**Information given**
★ ★ ★ ★ ★

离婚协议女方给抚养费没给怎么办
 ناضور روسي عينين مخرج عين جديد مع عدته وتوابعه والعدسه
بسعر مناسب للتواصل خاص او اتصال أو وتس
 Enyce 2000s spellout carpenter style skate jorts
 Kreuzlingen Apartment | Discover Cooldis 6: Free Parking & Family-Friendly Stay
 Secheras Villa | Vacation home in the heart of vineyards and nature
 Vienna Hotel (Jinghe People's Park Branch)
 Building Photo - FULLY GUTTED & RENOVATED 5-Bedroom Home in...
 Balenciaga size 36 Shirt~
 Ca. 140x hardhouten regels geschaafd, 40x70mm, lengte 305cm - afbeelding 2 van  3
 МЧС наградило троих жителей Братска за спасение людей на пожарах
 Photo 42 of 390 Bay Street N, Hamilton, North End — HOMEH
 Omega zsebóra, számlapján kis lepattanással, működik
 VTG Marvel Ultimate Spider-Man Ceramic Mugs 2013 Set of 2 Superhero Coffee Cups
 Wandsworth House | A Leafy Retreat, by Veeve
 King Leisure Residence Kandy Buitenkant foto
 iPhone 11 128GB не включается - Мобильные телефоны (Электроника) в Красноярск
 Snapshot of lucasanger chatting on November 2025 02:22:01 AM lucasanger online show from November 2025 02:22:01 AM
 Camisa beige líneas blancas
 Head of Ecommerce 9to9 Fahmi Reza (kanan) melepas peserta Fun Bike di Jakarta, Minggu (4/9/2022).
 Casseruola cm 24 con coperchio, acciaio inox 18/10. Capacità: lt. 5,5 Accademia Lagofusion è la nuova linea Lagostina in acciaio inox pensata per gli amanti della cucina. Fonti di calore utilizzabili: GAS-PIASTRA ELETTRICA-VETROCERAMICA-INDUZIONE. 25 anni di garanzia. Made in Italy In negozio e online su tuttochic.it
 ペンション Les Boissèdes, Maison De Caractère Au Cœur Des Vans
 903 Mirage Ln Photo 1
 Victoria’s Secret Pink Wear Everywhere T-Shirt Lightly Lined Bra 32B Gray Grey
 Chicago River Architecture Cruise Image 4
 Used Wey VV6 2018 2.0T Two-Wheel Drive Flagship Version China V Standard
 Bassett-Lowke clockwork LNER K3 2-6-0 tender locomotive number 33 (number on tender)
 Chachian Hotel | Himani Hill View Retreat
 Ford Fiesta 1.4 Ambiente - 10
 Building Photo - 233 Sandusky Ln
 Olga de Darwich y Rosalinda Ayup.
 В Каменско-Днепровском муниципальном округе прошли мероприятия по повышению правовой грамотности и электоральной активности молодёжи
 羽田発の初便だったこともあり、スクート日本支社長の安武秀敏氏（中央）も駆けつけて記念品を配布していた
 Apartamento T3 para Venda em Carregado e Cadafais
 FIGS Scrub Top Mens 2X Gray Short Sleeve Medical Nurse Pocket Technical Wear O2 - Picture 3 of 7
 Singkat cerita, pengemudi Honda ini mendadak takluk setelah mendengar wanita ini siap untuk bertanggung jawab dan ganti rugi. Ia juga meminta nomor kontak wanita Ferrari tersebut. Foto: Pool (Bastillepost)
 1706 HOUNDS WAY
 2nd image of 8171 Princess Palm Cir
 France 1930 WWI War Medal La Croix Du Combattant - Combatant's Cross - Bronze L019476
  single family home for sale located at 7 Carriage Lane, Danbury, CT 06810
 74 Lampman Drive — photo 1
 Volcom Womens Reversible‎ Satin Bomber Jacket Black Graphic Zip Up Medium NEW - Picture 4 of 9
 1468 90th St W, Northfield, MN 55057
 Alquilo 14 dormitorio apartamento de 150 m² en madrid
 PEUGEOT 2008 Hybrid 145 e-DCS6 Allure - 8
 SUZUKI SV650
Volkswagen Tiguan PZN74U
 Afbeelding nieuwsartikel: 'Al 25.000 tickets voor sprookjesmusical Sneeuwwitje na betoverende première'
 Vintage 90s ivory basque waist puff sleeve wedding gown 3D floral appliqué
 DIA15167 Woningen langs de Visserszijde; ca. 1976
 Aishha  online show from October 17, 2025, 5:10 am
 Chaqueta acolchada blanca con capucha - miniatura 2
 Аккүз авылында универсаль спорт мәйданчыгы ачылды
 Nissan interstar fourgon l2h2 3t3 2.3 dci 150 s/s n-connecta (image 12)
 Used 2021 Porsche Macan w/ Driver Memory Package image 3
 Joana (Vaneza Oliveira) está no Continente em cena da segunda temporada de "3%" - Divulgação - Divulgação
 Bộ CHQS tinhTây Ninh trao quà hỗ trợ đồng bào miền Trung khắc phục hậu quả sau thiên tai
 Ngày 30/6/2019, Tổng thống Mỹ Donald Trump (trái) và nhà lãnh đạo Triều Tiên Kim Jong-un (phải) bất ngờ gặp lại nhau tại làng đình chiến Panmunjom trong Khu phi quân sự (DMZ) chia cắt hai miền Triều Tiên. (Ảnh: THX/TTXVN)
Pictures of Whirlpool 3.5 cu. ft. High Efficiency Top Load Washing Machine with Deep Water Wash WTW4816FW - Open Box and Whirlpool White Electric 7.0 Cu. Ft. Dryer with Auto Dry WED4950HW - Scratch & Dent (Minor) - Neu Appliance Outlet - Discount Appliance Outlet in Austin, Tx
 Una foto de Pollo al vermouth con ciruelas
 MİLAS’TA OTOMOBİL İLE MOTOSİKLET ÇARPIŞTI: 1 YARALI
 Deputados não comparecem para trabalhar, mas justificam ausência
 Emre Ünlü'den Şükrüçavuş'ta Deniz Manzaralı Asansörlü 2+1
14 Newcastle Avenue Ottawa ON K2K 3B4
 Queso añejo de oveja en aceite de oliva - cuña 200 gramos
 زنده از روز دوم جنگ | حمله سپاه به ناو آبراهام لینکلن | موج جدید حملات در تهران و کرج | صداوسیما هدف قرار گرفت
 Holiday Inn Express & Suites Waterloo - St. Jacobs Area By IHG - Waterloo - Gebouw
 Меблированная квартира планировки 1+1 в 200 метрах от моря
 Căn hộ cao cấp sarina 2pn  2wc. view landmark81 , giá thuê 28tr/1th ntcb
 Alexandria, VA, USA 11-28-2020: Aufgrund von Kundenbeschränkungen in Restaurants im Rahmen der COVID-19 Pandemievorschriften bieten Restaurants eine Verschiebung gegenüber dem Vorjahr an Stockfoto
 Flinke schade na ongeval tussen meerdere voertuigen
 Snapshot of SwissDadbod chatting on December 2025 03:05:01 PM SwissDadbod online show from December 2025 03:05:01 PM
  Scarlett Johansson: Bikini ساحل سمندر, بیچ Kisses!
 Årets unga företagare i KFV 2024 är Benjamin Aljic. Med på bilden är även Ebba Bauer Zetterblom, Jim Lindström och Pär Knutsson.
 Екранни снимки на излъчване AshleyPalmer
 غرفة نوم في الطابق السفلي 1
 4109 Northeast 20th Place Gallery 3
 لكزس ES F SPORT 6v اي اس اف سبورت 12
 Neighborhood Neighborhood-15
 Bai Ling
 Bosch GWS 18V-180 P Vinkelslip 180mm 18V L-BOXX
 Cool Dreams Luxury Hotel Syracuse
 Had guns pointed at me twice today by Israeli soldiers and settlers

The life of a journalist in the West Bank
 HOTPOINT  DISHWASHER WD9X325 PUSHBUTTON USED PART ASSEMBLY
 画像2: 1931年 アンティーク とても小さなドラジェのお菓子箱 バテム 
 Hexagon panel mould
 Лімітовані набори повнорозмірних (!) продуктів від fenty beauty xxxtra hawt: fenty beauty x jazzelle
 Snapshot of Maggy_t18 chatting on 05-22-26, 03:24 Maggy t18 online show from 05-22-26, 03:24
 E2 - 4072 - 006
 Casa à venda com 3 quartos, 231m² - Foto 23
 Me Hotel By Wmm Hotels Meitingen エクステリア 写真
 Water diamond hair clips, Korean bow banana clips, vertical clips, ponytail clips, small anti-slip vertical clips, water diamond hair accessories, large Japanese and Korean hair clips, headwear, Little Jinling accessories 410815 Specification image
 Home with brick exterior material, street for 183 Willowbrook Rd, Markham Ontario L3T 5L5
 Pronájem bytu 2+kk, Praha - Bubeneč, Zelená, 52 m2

★ ★ ★ ★ ★

**What is required**
Answer with a single number: the count of lines above that contain the string "Shirt".

**The completed task**
2